START Extracted data

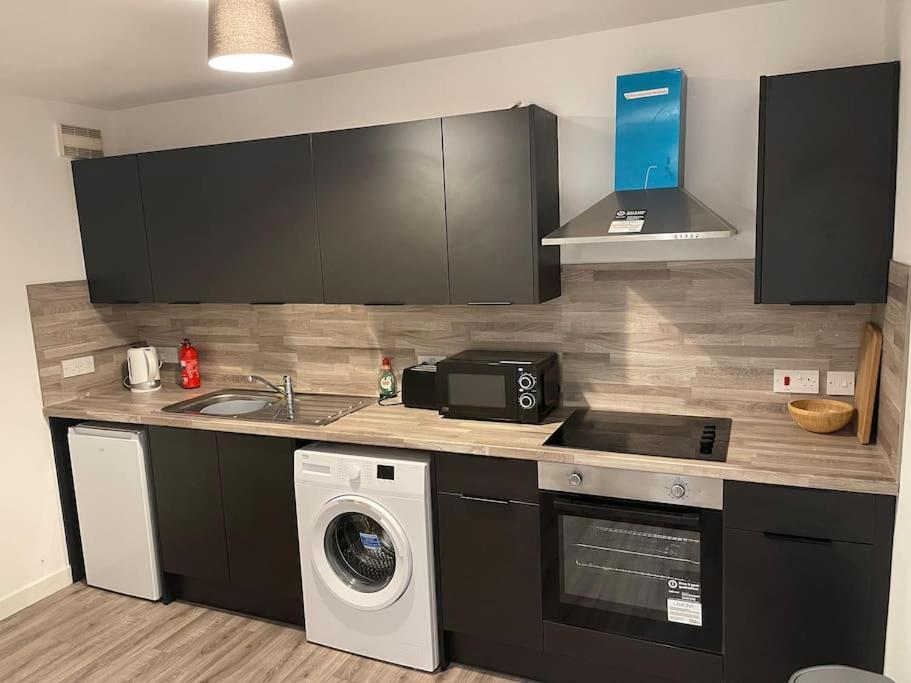 Modern 2 Bedroom City Apartment Глазго Екстер'єр фото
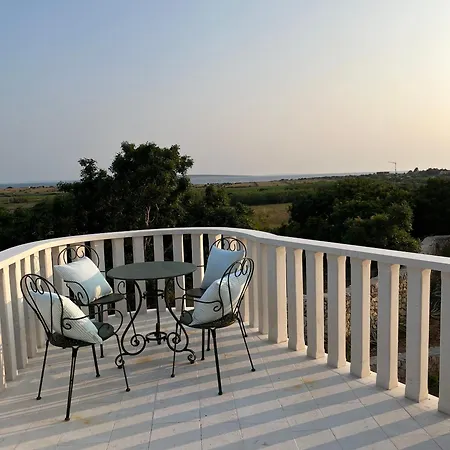 Maslina Villa *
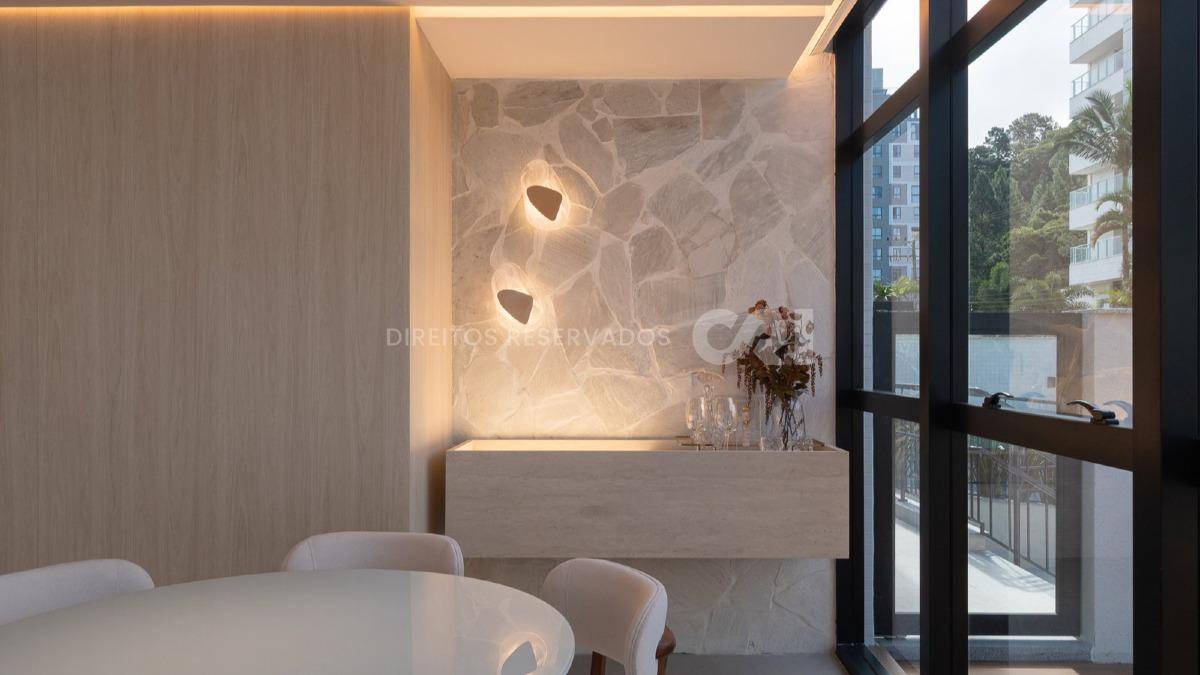 Apartamento Duplex com 3 Dormitórios no Brava Select na Praia Brava em Itajaí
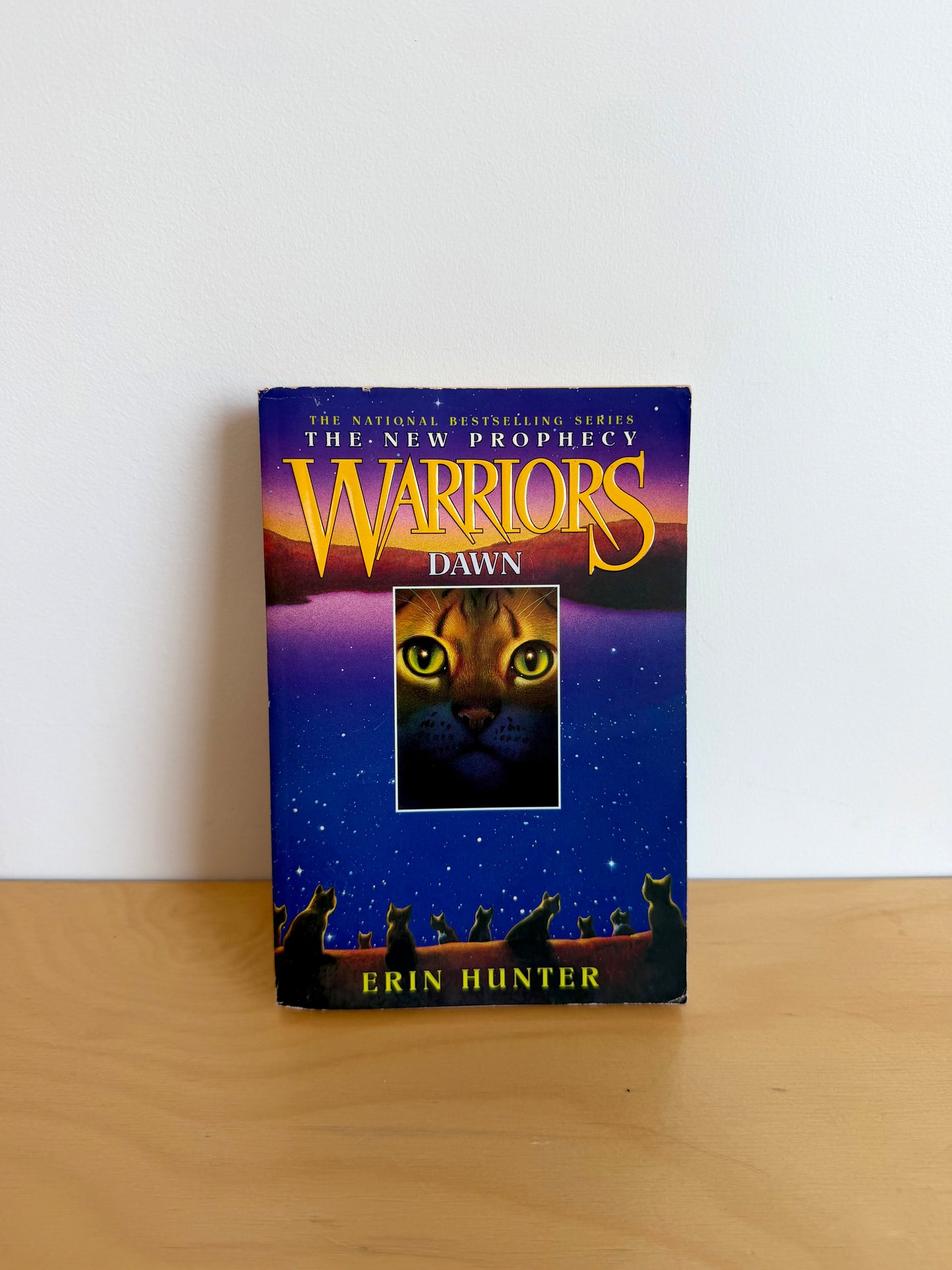Warriors: The New Prophecy Dawn Book / 8-12 years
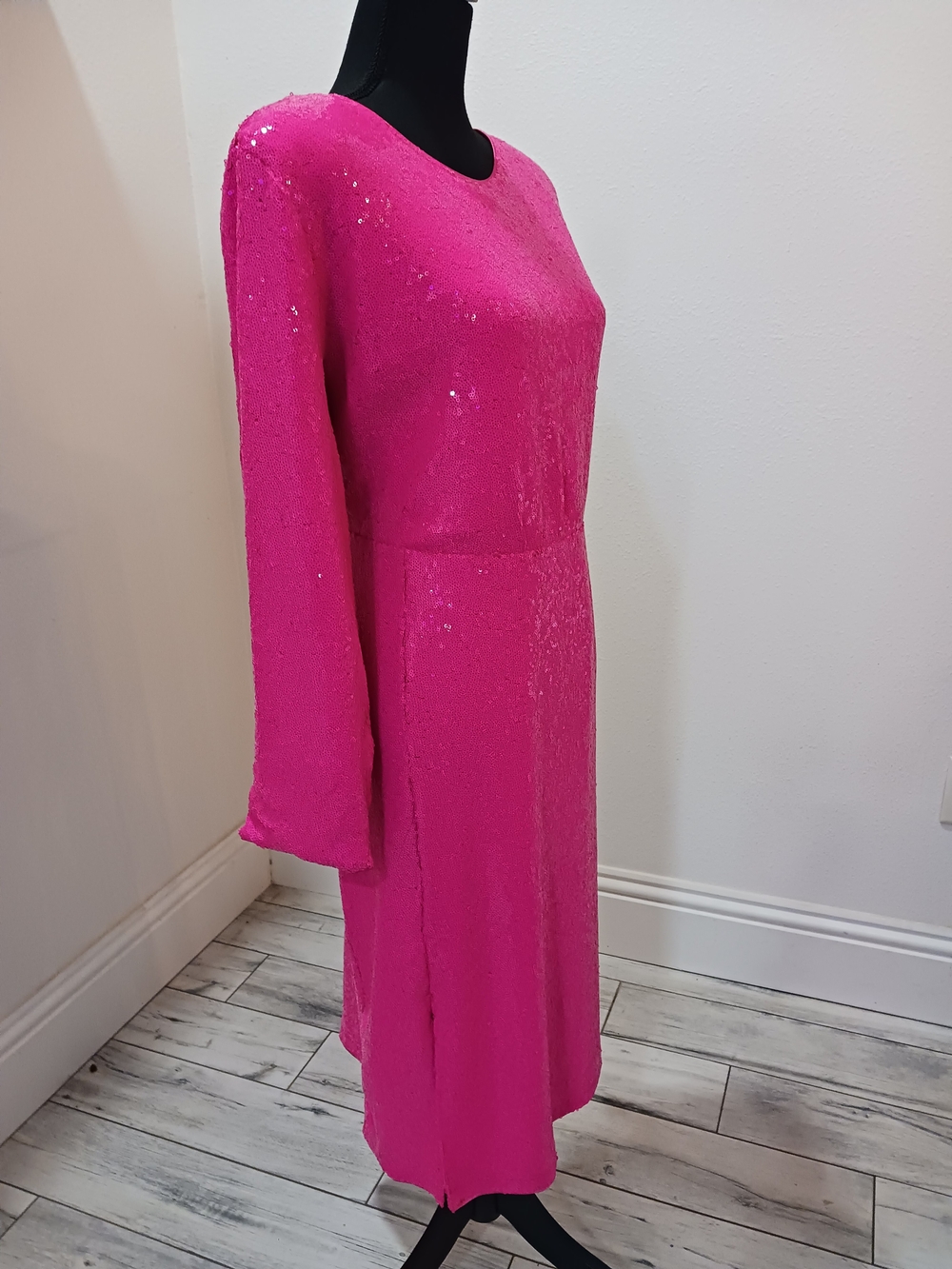 Plus-Size Hot Pink Sequin Midi Dress with Front Slit - Picture 4 of 10
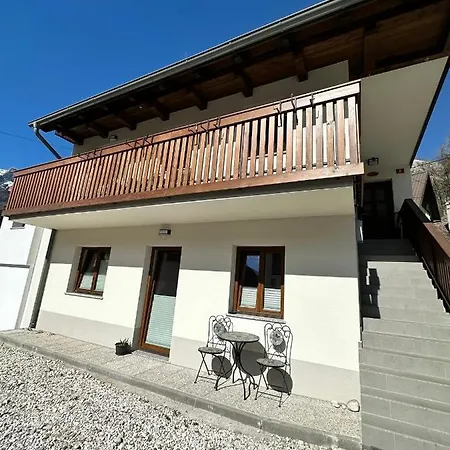 Apartma Alma Apartment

END Extracted data

* What to do *
Once the pictures are removed, reproduce the remaining entries above exactly.

* Output below *
 Modern 2 Bedroom City Apartment Глазго Екстер'єр фото
 Maslina Villa *
 Apartamento Duplex com 3 Dormitórios no Brava Select na Praia Brava em Itajaí
Warriors: The New Prophecy Dawn Book / 8-12 years
 Plus-Size Hot Pink Sequin Midi Dress with Front Slit - Picture 4 of 10
 Apartma Alma Apartment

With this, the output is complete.